Several dozen guests visited the celebrated rooftop farm at its Navy Yard location to dine al fresco with dinner and drinks provided by Nicholas Wilber, Phil Wisner and Benjamin Towill of The Fat Radish and The Leadbelly. Despite a handful of shattered wine glasses due to windy conditions (of course, the glasses remained anchored when full), the evening went off without a hitch.
Guests who arrived earlier in the afternoon received in-depth tours and Q and A time with Grange staff including affable farmer Matt Jefferson and Anastasia Cole-Plakias. While discovering which crops remain vulnerable to pests even on the 11th floor (more than you might expect), visitors also learned about the contents of the Grange’s rooftop topsoil cocktail, which includes a calculated balance of mushroom compost, fired pebbles and the occasional organic fertilizer.

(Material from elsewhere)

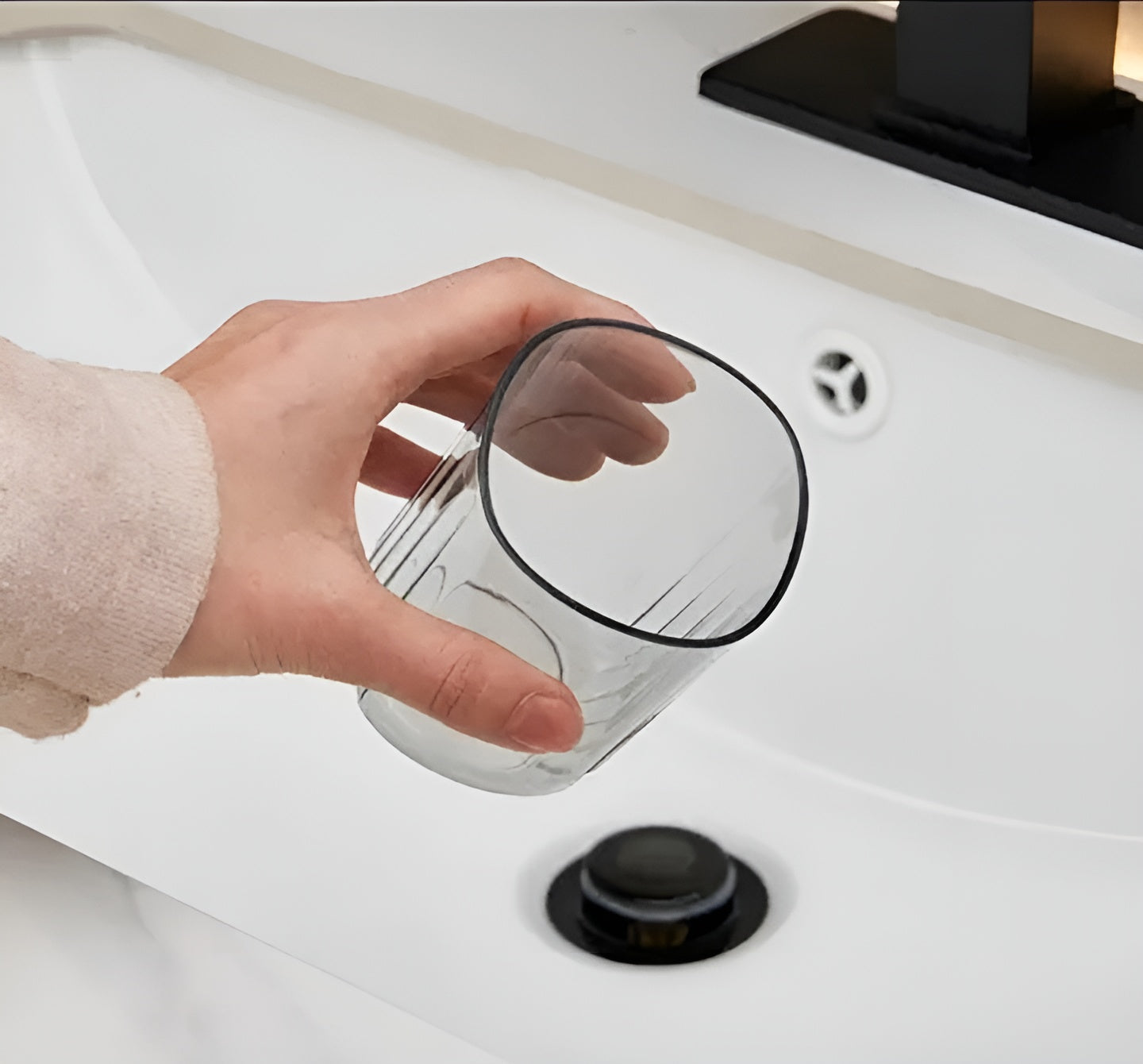 Travel-Friendly Transparent Toothbrush Cover – Hygienic & Anti-Bacterial Storage Case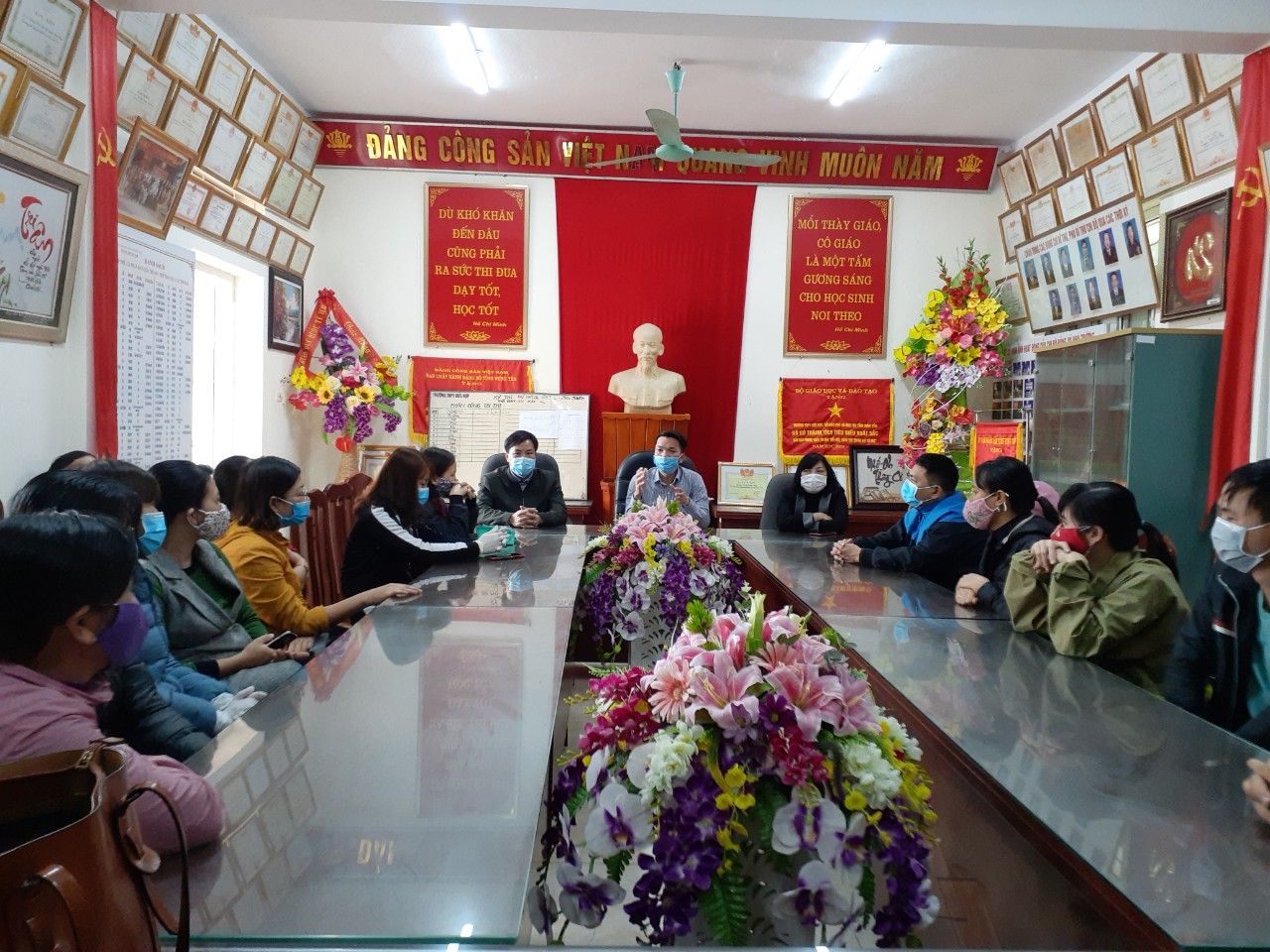Trường THPT Đức Hợp khẩn trương tiến hành các biện pháp vệ sinh phòng dịch bệnh viêm đường hô hấp cấp do chủng mới của virus corona gây ra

As for fauna, one honeybee hive nests at the Navy Yard location, while over 20 others have been installed in nearby areas. Chickens, and potentially even goats, are sometimes invited up top thanks to their affinity for pests.
The dinner wasn’t Outstanding in the Field’s first rodeo in the city. The “roving culinary adventure” with the mission of reconnecting diners to the land also organized an event in Queens a while back. Given the Grange’s model rooftop farm reputation, the two are a natural match in enabling urbanites to indulge in bucolic experiences.
At least they certainly did last Friday with the help of their chosen culinary staff. Menu highlights included bass tartare on a papadum crisp; a roasted carrot and hijiki salad with kale and almonds; smoked tomato orecchiette with confetti tomatoes, basil and Parmesan; and a braised heritage pork shoulder with pork scratchings (also known as “pork rinds”), wilted summer greens, creamed corn and pickled okra. The farm was on the plate.